Data extract →
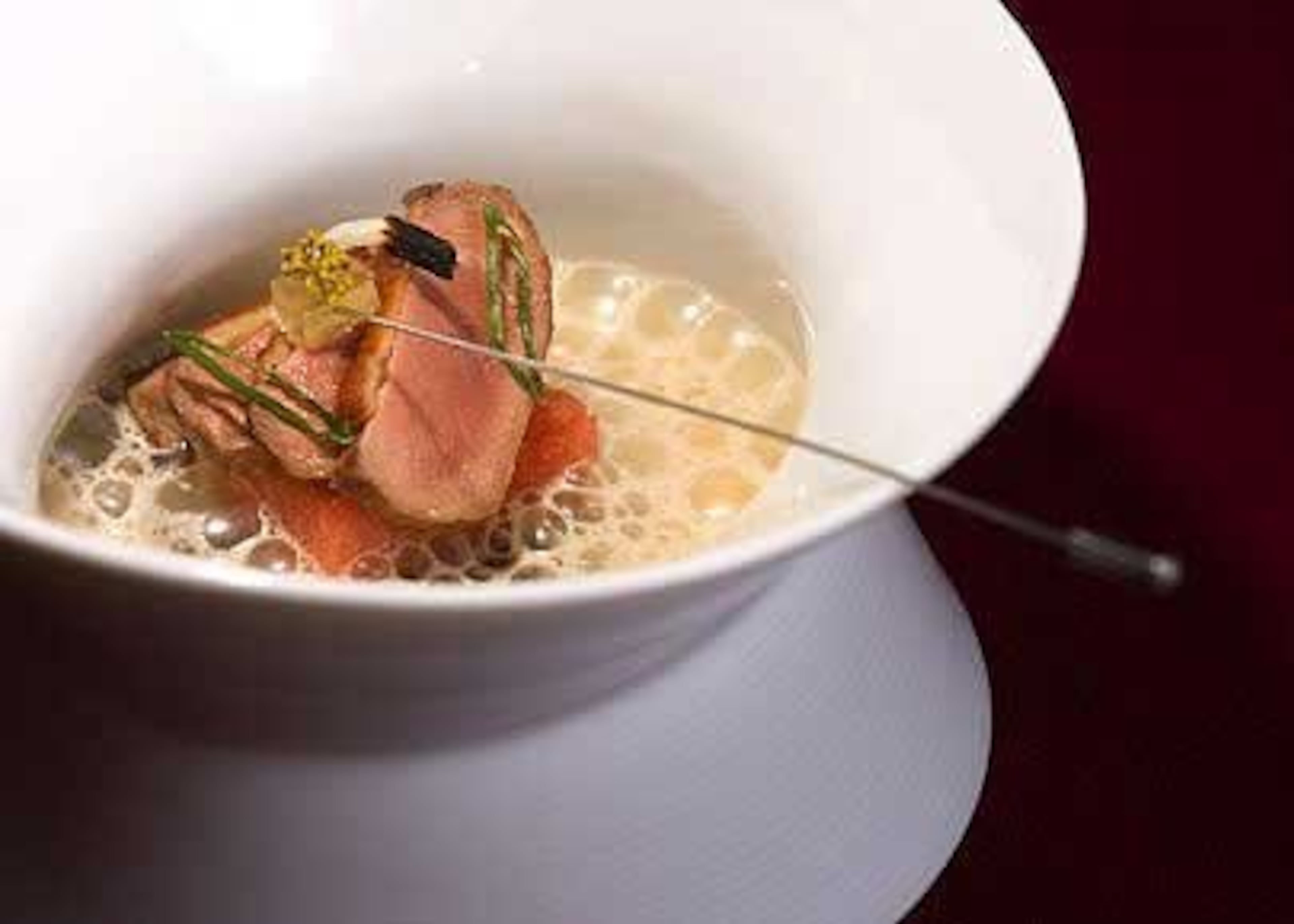 The squab at Alinea: The restaurant is a place for innovative cuisine.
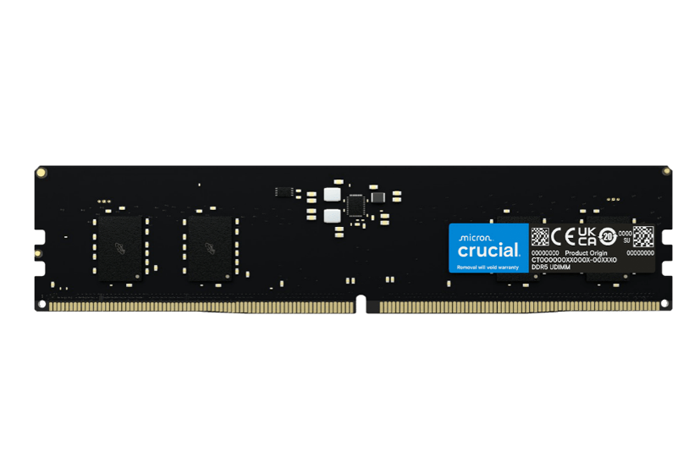 Crucial製 DDR5-5600 UDIMM 32GBメモリ。Dell タワーPlusに適合するスペック。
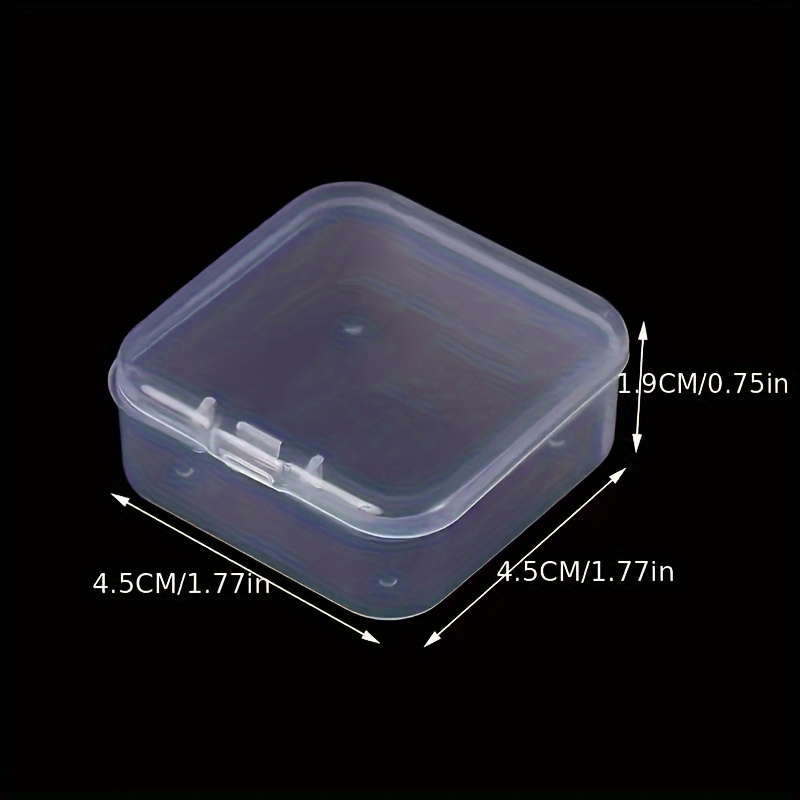 Small Plastic Rectangular Containers, Clear Mini Plastic Boxes with Lids  for Beads and Small Items 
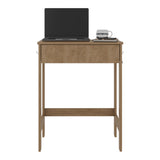 Hills Computer Desk with 2 Side Shelves and Spacious Worksurface, Modern Desk for Home Office, Study, or Bedroom, Ideal for Laptops, Monitors, and Writing Materials, Easy-Access Storage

Exercise goal →
Copy exactly, and only, the lines running from the one containing "Crucial製 DDR5-5600 UDIMM" through the final line of the data, and omit the pictures.

Result below →
 Crucial製 DDR5-5600 UDIMM 32GBメモリ。Dell タワーPlusに適合するスペック。
 Small Plastic Rectangular Containers, Clear Mini Plastic Boxes with Lids  for Beads and Small Items 
 Hills Computer Desk with 2 Side Shelves and Spacious Worksurface, Modern Desk for Home Office, Study, or Bedroom, Ideal for Laptops, Monitors, and Writing Materials, Easy-Access Storage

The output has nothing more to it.